His professional dissertation “A Public Sector Organizational Change Model: Prioritizing a Community-Focused, Inclusive, and Collaborative Approach to Strategic Planning” formed the basis for the Los Angeles Fire Department: A Safer City 2015-2017 strategic plan.
“The LAFD is an organization that is continually striving for contemporary relevance,” Drake said. “I realized that strategic planning was an effective means to pursue organizational improvement. Ultimately, the ideology behind it was to pursue a collaborative, inclusive and participative approach that offered a progressive shift from standardized LAFD practices.”
Dean Jack. H. Knott highlighted Drake’s real-world impact in his speech at the USC Price commencement ceremony in May.
Prioritizing the community
Drake started for the LAFD as a fire fighter in 1985 and has worked in South Los Angeles, Hollywood, Rampart, Downtown Los Angeles and the San Fernando Valley in his 33 years with the department.
“I have learned a lot about the LAFD over the years, and in that time it became obvious that developing and communicating organizational vision, mission, values, goals and the means to achieve the goals, are paramount to success,” Drake said. “I’m a strong advocate of a service-oriented model that prioritizes the community.
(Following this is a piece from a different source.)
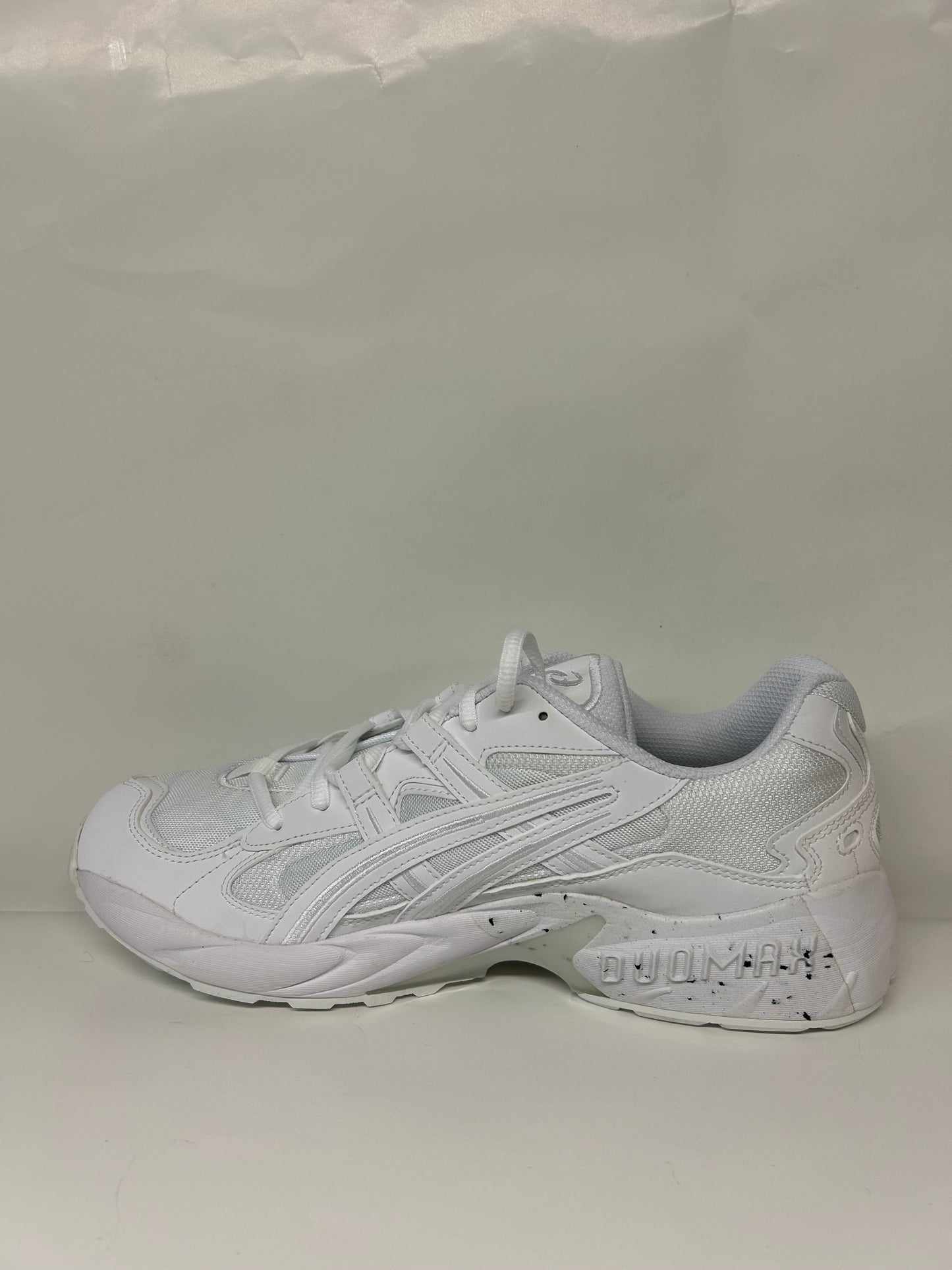 ASICS Gel-KAYANO 5 OG White/White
If you don’t have a plan, or an organizational road map, direction for our most important resource, our people, will not exist.”
The dissertation outlined eight LAFD organizational goals, along with strategic initiatives to achieve those goals. Organizational goals included:
- Provide exceptional public safety and emergency services
- Implement and capitalize on advanced technologies
- Reduce expenditures and pursue cost-effective solutions
- Enhance qualities of leadership, management and project delivery
- Enhance risk management systems and improve threat assessments
- Strengthen community relationships and enhance community resilience
- Recruit, develop and retain a professional and diverse workforce
- Support business, improve services and develop public-private partnerships.
Los Angeles Mayor Eric Garcetti recognized the work and Fire Chief Ralph M. Terrazas stated that he considered the plan to be “one of the most important documents ever produced by the Department because it will serve as our guide to create the optimal LAFD.” It was also used as the foundation for the 2018-20 plan A Safer City 2.0.
Drake credited his dissertation committee chair, Associate Teaching Professor Deborah Natoli, with helping him through the process of putting together the strategic plan.
“John Drake is an example of a student who used his degree to change public policy and innovate in the practice,” said Natoli, director of the DPPD program at USC Price. “We call it a professional doctorate degree because it’s for people already in leadership roles who come to learn interdisciplinary theories and action research methodologies to implement immediately, enhancing the job they’re already doing for social and policy impact.
While his dissertation already has made an impact in the LAFD, Drake hopes it will have an even wider influence.
“My dissertation committee emphasized the importance of developing a model that other organizations could use,” Drake said. “So the overarching goal here was not just to build a strategic plan for the LAFD, but to construct an organizational change model that could be practically applied in varied public sector settings. It’s a step-by-step process.”